My acquaintance with Mr. Harrison, who was President during my first term in Congress, dated back to the time when he had been our lawyer in Indianapolis, and my acquaintance with Mr. Bryan, who was one of the young members, had its beginning here.

My committee appointments could not by any stretch of the imagination be considered important. The Committee on the District of Columbia got pretty busy shortly after my appointment to it, however, and in less than five months we succeeded in having a resolution adopted providing for an investigation of the taxing methods of the District. This committee had discovered among other things that the assessment of land values was seventy-six million dollars when it should have been more than three hundred million; that small residence property was discriminated against, while vacant lots and valuable property were favored. The resolution stated these facts and authorized a select committee of three to inquire into the method of assessing land values. This committee consisted of Joseph E. Washington of Tennessee, James Wadsworth of New York, and myself as chairman.

As our work proceeded and the investigation went on more and more interest was taken in it by landowners who were paying less than their share of taxes. Towards the end of it they became thoroughly aroused. Assessors who cooperated with us at first and seemed to be in sympathy with the movement were soon won away or frightened away. It had some effect on the assessment which followed, but the greatest result was that it was the first time any comprehensive report had been made showing specifically the low assessment of valuable property, the high assessment of small homes and the utter futility of all attempts to tax personal or intangible property.
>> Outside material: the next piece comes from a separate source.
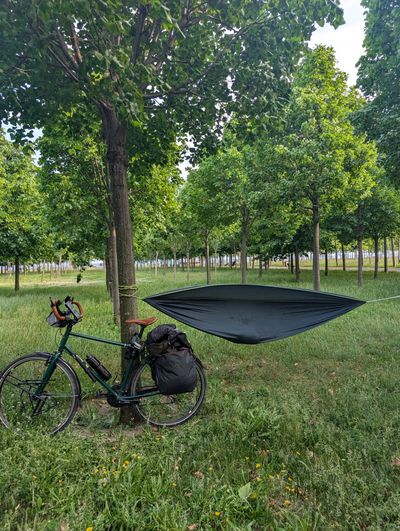 Bicycle parked near a tree with a hammock tied between trees in a green park.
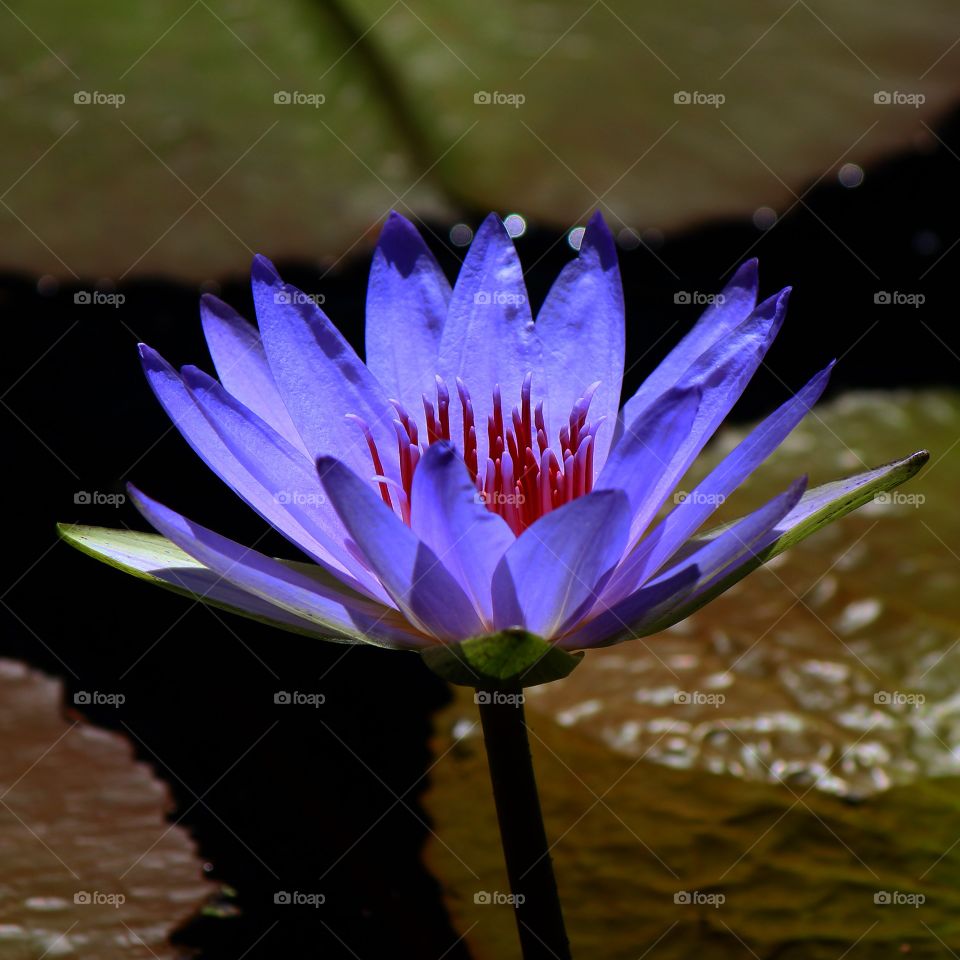 lotus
So far as I know this was the very beginning of a line of inquiry that has gone on extensively in this country since, is the heart of the Budget fight – the big question in English politics at the present time, — has been applied in part of Australia, in New Zealand and in Western Canada, and is to-day a recognized part of the taxing systems in these places. It was the first authoritative expression of any public body on this subject, and coming from a committee of Congress had a good deal of weight. There is no doubt that the tax laws of the future will be framed on the principles embodied in this report.

Its recommendations were based on this central truth, that a tax on the value of land is the only just tax. Analysis shows that the rental value of land does not arise from any expenditure of labor or investment of capital by the owner of the land. The value which the owner of the land may create by the expenditure of labor and capital is a value which attaches to buildings or improvement. The value which attaches to the land itself comes from the growth of the whole community. It was this growth and improvement of the community which made some land in the District of Columbia worth over three millions of dollars an acre. If the owners of this land had left it idle, if they had been absentees or idiots, this value would have attached to the land to the same extent and in the same manner, It came from a growth of population and general improvement and was primarily due to the fact that that particular place had been selected as the site of the national capital. Thus everyone who adds even temporarily to the population and business of Washington or any other city does something to add to the value of the land, something to increase a fund which may be taken to defray all the expenses of government without levying any tax on legitimate property or improvement, or which will in any way increase the cost of living. Every resident must directly or indirectly contribute to the rental value of land. In this way every resident, yes, every sojourner, may be said, in what he pays for the use of land, even though it be for a single night’s lodging, to pay a just tax sufficient to provide for the legitimate expenses of the local government and to make the most ample public improvements. But if individual land-owners are permitted to put the proceeds of this tax in their pockets, and taxes are then levied that fall on use and consumption, the body of citizens is really taxed twice. “The first and paramount consideration in taxation should be equality of burden,” and only by taking the rental values of land in taxes can such equality be secured.